De Zesdaagse Oorlog, ook bekend als de Juni-oorlog, de Arabisch-Israëlische Oorlog van 1967 of de Derde Arabisch-Israëlische Oorlog, was een gewapend conflict dat van 5 tot 10 juni 1967 werd uitgevochten tussen Israël en een Arabische coalitie, voornamelijk bestaande uit Jordanië, Syrië en UAR Egypte.
Waarom begon de zesdaagse oorlog?
Egypte geloofde dat de inzet een Israëlische aanval op Syrië had voorkomen en dat het dus mogelijk was om Israël af te schrikken met alleen de inzet van troepen, zonder het gevaar van oorlog. De crisis zou een direct effect hebben op beide partijen tijdens de gebeurtenissen van mei 1967, die uiteindelijk leidden tot de Zesdaagse Oorlog.
Wat gebeurde er in de Zesdaagse Oorlog?
In zes dagen van gevechten bezette Israël de Gazastrook en het Sinaï-schiereiland van Egypte, de Golanhoogten van Syrië en de Westelijke Jordaanoever en de Arabische sector van Oost-Jeruzalem, beide voorheen onder Jordaans bewind.… Een permanent Israëlisch-Palestijns vredesakkoord blijft ongrijpbaar.
Waarom viel Israël in 1967 Egypte binnen?
In de ochtend van 5 juni 1967 lanceerde Israël een preventieve aanval op Egyptische troepen als reactie op de afsluiting van de Straat van Tiran door Egypte. Op 11 juni omvatte het conflict Jordanië en Syrië.

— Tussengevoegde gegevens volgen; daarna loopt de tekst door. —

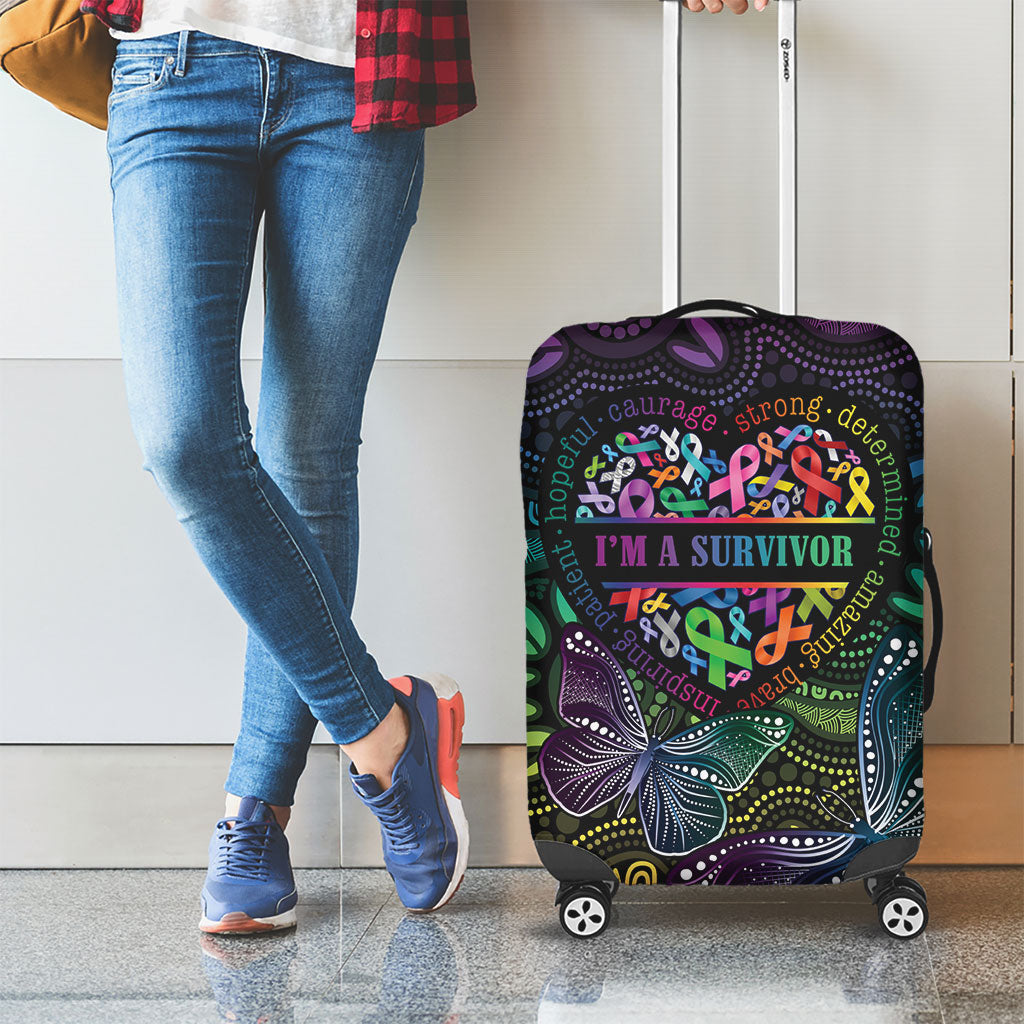 Australia Cancer Survivor Luggage Cover I’m A Survivor Ribbon Heart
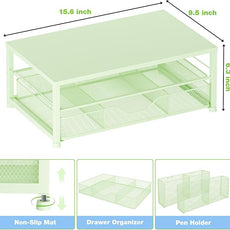 OPNICE Desk Organizers and Accessories, 2-Tier Computer Monitor Stand Riser with Drawer and 2 Pen Holders, Laptop Stand, Office Desk Accessories for Office Supplies, Green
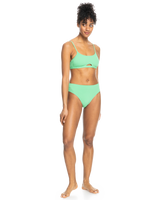 The Roxy Womens Color Jam Mod Mid Waist Bikini Bottoms in Absinthe Green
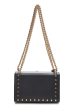 Gucci,  Black Leather Studded Padlock Shoulder Bag Small, Black Online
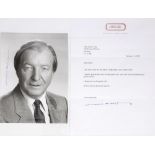 2006, February 8, Charles J Haughey signed letter and signed photograph. An 8½ x 6in, black and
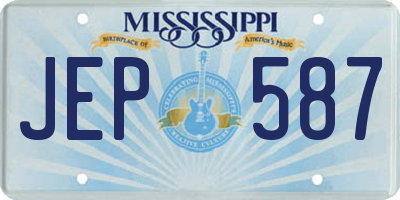 MS license plate JEP587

Waarom viel Israël Egypte binnen?
De katalysator voor de gezamenlijke Israëlisch-Brits-Franse aanval op Egypte was de nationalisatie van het Suezkanaal door de Egyptische leider generaal Gamal Abdel Nasser in juli 1956. … De Israëli's sloegen toe eerst, maar waren geschokt toen ze ontdekten dat Britse en Franse troepen hen niet onmiddellijk volgden.